▶ _TASK REQUIREMENTS_:
Exactly retype the lines below from the one containing "Going back to" through the end of the listing. Leave pictures out.

▶ _RECORDED INFORMATION_:
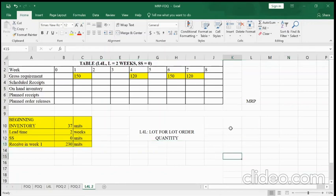Hi everyone. In the previous video we already learned how to build MRP tables using Periodic Order Quantity (POQ) and Fixed Order Quantity (FOQ). So today we will learn how to build an MRP table using Lot-for-Lot order quantity.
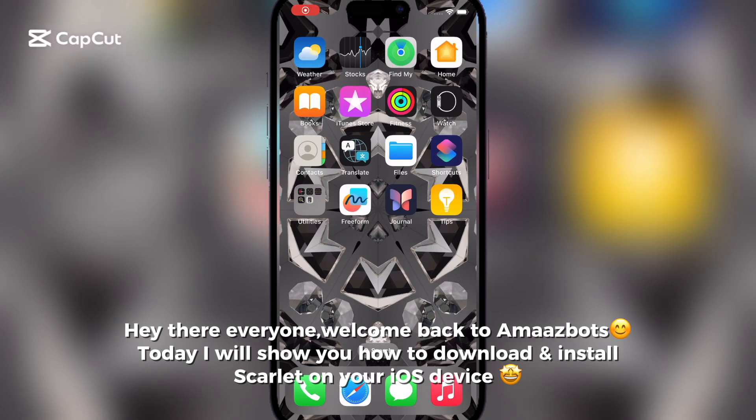Hey there everyone, welcome back to AmazBots. Today I will show you how to download and install Scarlet on your iOS device.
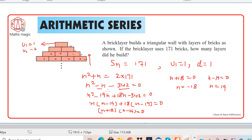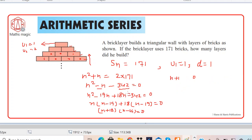Going back to check, it appears the expression should have been n² + n, but I wrote n² − n at that point. Let me redo the working to verify and correct this.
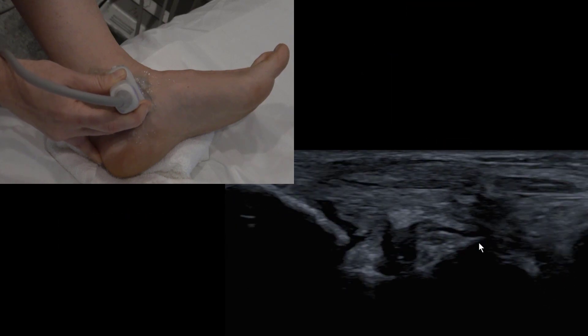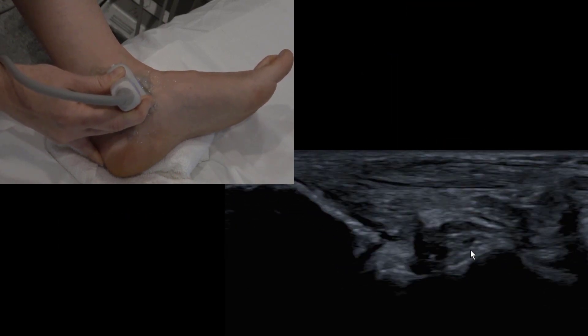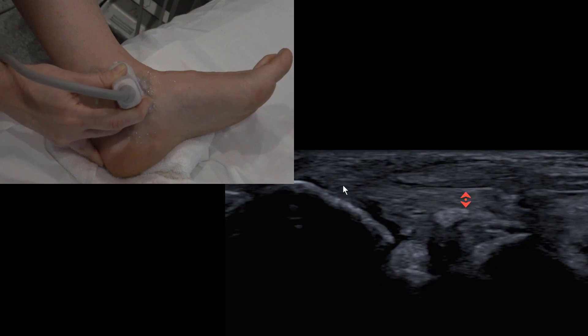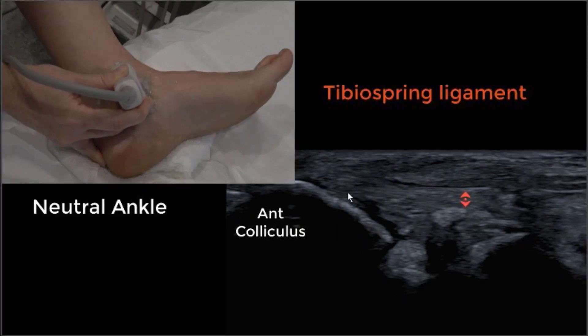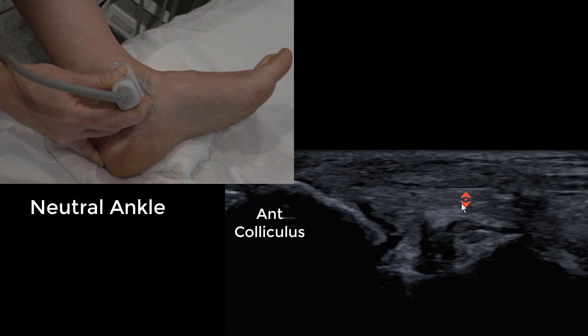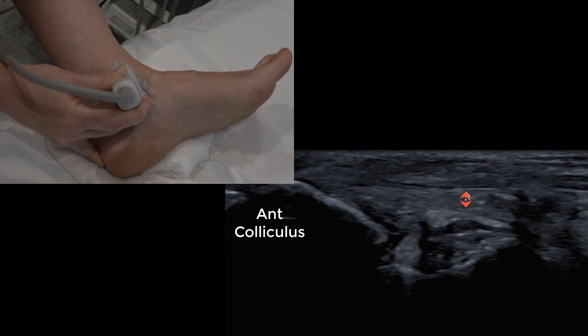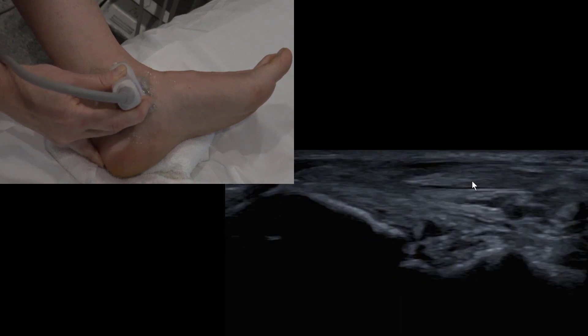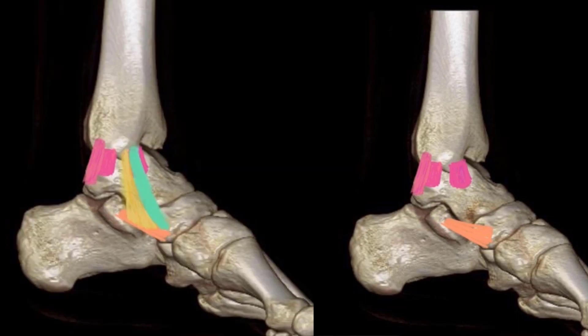If you rotate slightly more anteriorly, those ligament fibers are going to blend with the tibio spring ligament. The tibio spring ligament is a little thicker, it's always there, and it inserts into a ligament so you don't see a bone on the right hand side of the screen. We see tib post over the top, and you know you're on tibio spring because we're seeing the spring ligament to the right of the screen — that's the orange band running from sustentaculum tali to navicular.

▶ _REPLY_:
Going back to check, it appears the expression should have been n² + n, but I wrote n² − n at that point. Let me redo the working to verify and correct this.
If you rotate slightly more anteriorly, those ligament fibers are going to blend with the tibio spring ligament. The tibio spring ligament is a little thicker, it's always there, and it inserts into a ligament so you don't see a bone on the right hand side of the screen. We see tib post over the top, and you know you're on tibio spring because we're seeing the spring ligament to the right of the screen — that's the orange band running from sustentaculum tali to navicular.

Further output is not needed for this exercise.